Una mañana esperaba, alicaído, a los cargadores que iban a llevarse el piano, por falta de pago. Entonces se sentó a tocar. Inclinado sobre el teclado, sólo tenía oídos para la música, que ejecutaba con inusitada inspiración. Al terminar por fin y alzar la vista, le sorprendió ver que tenía un auditorio de tres cargadores de la compañía de mudanzas sentados en el suelo.
Los obreros no dijeron nada, ni dieron señal de acercarse al piano: se metieron las manos en los bolsillos y, entre todos, reunieron suficiente dinero para pagar la cuenta atrasada, lo depositaron sobre el instrumento y salieron de allí con las manos vacías.
—E.E.E.
JOHN COLEMAN, rector del Haverford College, instituto de educación superior que queda en las afueras de Filadelfia, pasó hace poco unas vacaciones de dos meses cavando zanjas, recogiendo basura y lavando platos. "Uno de mis propósitos", explica, "era ver si lograba comprender un poquito mejor a la gente con quien no estoy habitualmente en contacto. Deseaba alejarme del mundo de los libros, de los discursos, de la política, de las noticias muy bien filtradas. Anhelaba volver a aprender cosas que había olvidado".
Coleman comenzó su aventura trabajando en la granja de un amigo suyo en Ontario (Canadá), de donde es oriundo. Luego se empleó como peón y cavó zanjas. Un oficio de lavaplatos que tomó en Boston le duró sólo una hora. El gerente se le acercó y, dándole dos dólares, le dijo: "Tú no sirves para este trabajo".

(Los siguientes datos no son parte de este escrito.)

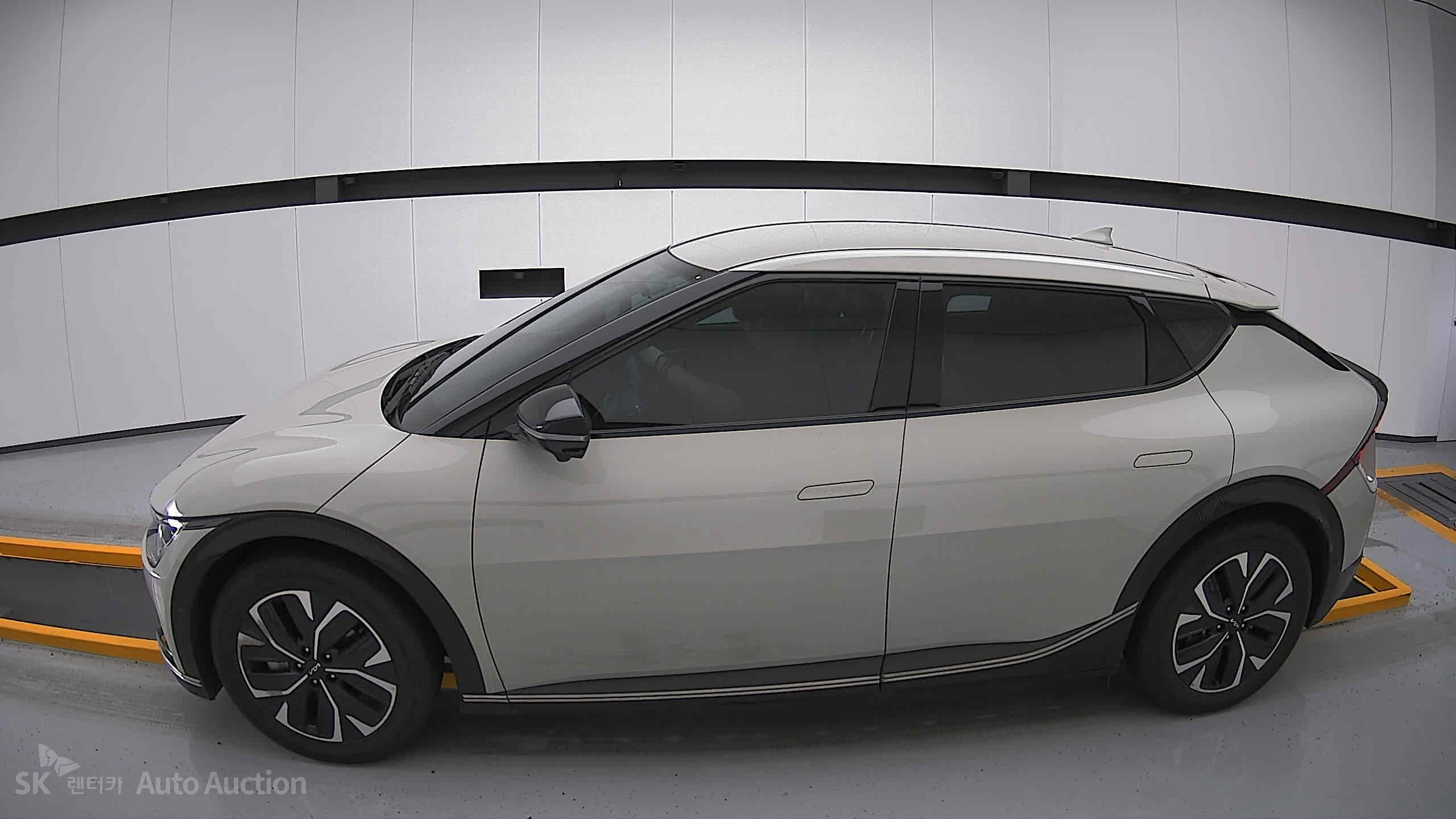 2022 - kia ev6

LA ACTRIZ Helen Hayes declaró durante una fiesta: "Dios se encarga de que la vista se nos vaya nublando a medida que envejecemos, para que, al mirarnos en el espejo, podamos decir: Todavía estoy tan bien como siempre".
—Leonard Lyons
R. BUCKMINSTER FULLEA, inventor de la cúpula geodésica, cumplió el año pasado un programa tan agitado de conferencias y consultas en todo el mundo, que llevaba tres relojes. Uno de ellos marcaba la hora de Carbondale (Illinois), donde estableció su cuartel general como catedrático distinguido de la Universidad del Sur de Illinois. El segundo reloj señalaba la hora local del sitio donde estuviera. El tercero daba la hora del lugar adonde iba a ir al día siguiente.

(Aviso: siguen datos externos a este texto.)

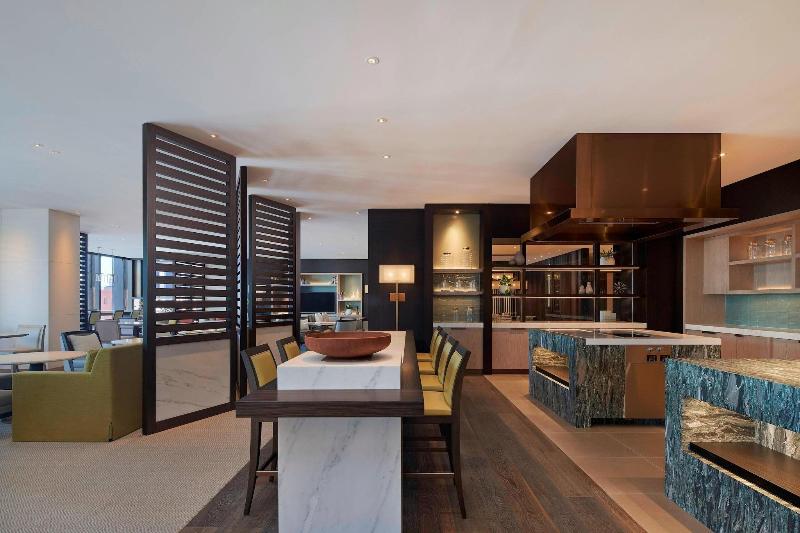 Номер Клуб, The Westin Perth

—R. Z. Sheppard, en la reseña que hizo en Time del libro Bucky, de Hugh Kenner
LA PAREJA de actores Alfred Lunt y Lynn Fontanne coincide en que su experiencia más memorable en las tablas sucedió en Londres, durante los intensos bombardeos alemanes. La obra que representaban, del dramaturgo Robert Sherwood, se titulaba There Shall Be No Night ("No habrá noche"). Durante una de las escenas protagonizadas por Lynn, se produjo una alarma de bombardeo y bajaron inmediatamente el telón, pero Alfred ordenó desde el fondo del escenario que lo levantaran otra vez.
Lynn siguió actuando mientras se escuchaba al fondo el silbido de las bombas que caían; una de ellas estalló muy cerca del teatro. Lunt entró instantes después, pronunciando las primeras palabras de su parlamento:
—¿Te has hecho daño, mi vida? El público reaccionó con sonoros aplausos.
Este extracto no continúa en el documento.